▶ [Activity] After locating the line that contains "MAC3 MPM1006GB0 Cable" in the records below, write out exactly that line and each line after it through the one that contains "Justice Design Group", and nothing else.

▶ [Exercise inputs]
%%

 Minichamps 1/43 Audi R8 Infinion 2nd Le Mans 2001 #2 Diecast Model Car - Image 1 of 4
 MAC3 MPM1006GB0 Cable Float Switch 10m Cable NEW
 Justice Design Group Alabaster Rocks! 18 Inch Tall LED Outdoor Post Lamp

%%
%%

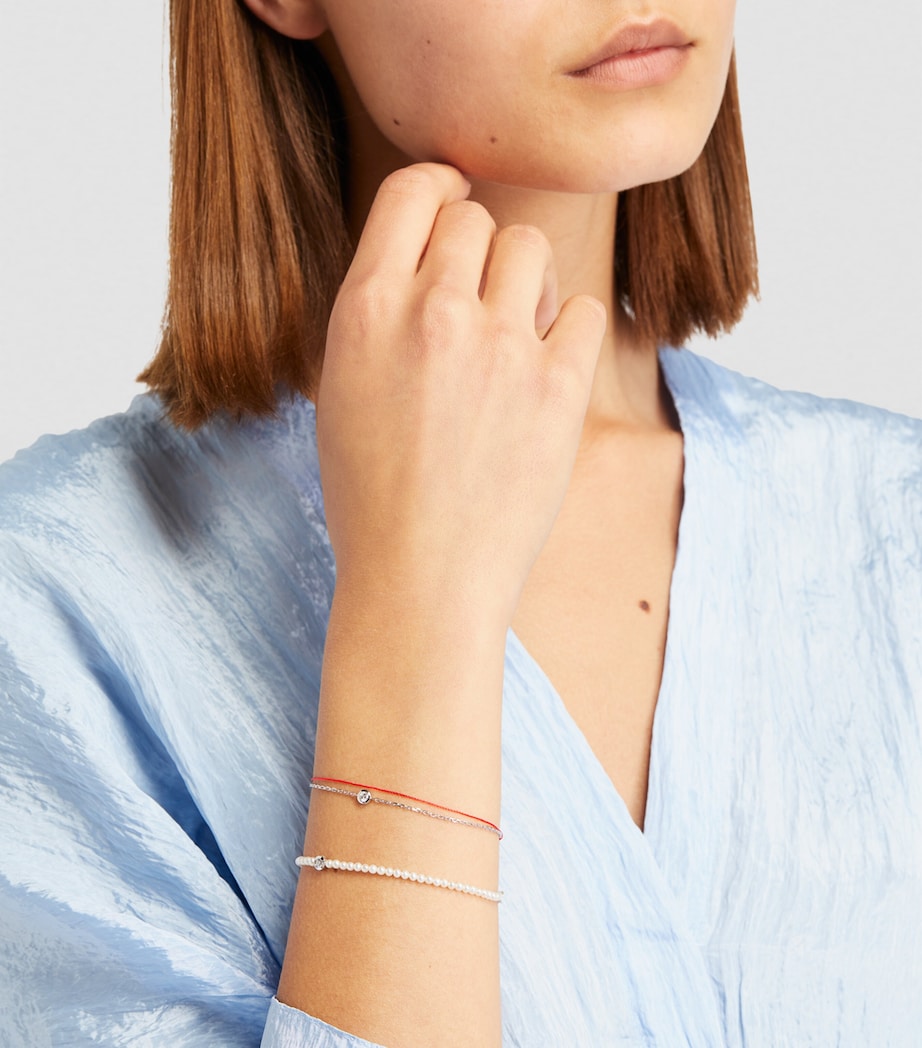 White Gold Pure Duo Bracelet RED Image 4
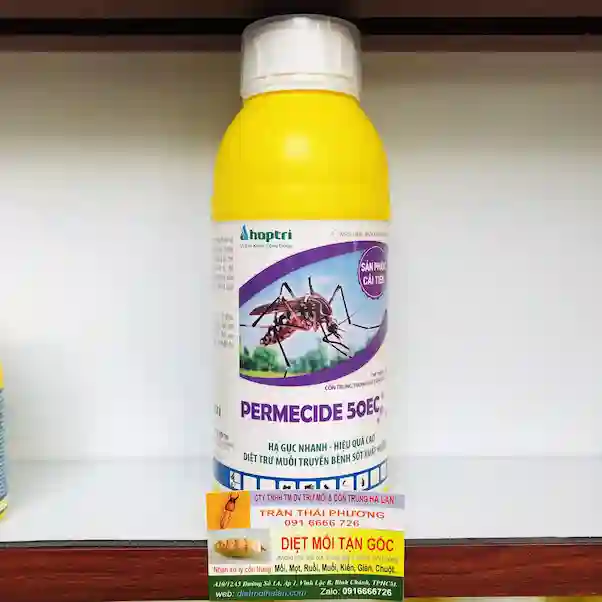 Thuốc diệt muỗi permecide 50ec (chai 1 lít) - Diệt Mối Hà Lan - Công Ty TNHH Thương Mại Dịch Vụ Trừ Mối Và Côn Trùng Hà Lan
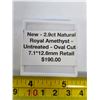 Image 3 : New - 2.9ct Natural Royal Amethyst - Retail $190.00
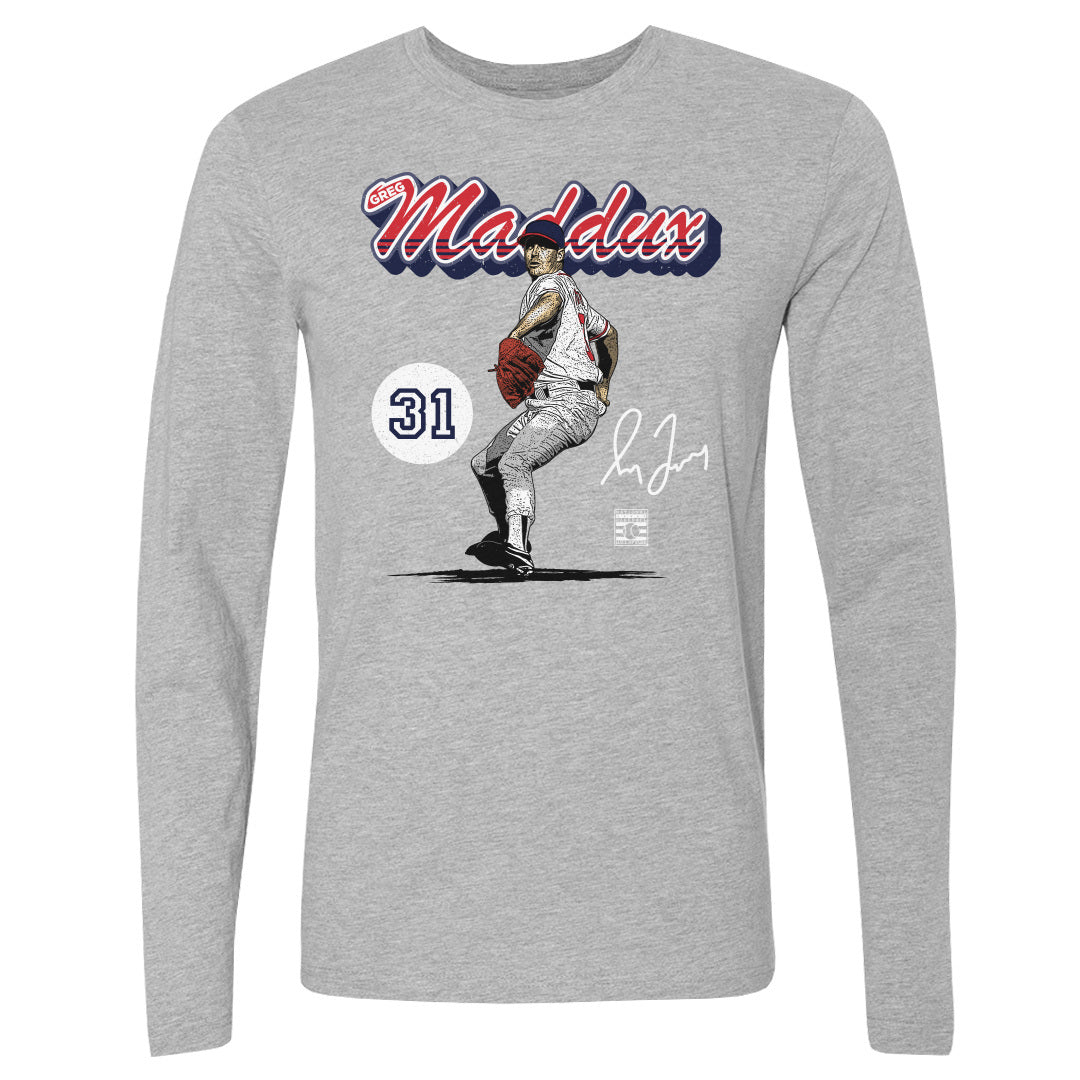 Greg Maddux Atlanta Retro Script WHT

%%

▶ [Result of this task]
 MAC3 MPM1006GB0 Cable Float Switch 10m Cable NEW
 Justice Design Group Alabaster Rocks! 18 Inch Tall LED Outdoor Post Lamp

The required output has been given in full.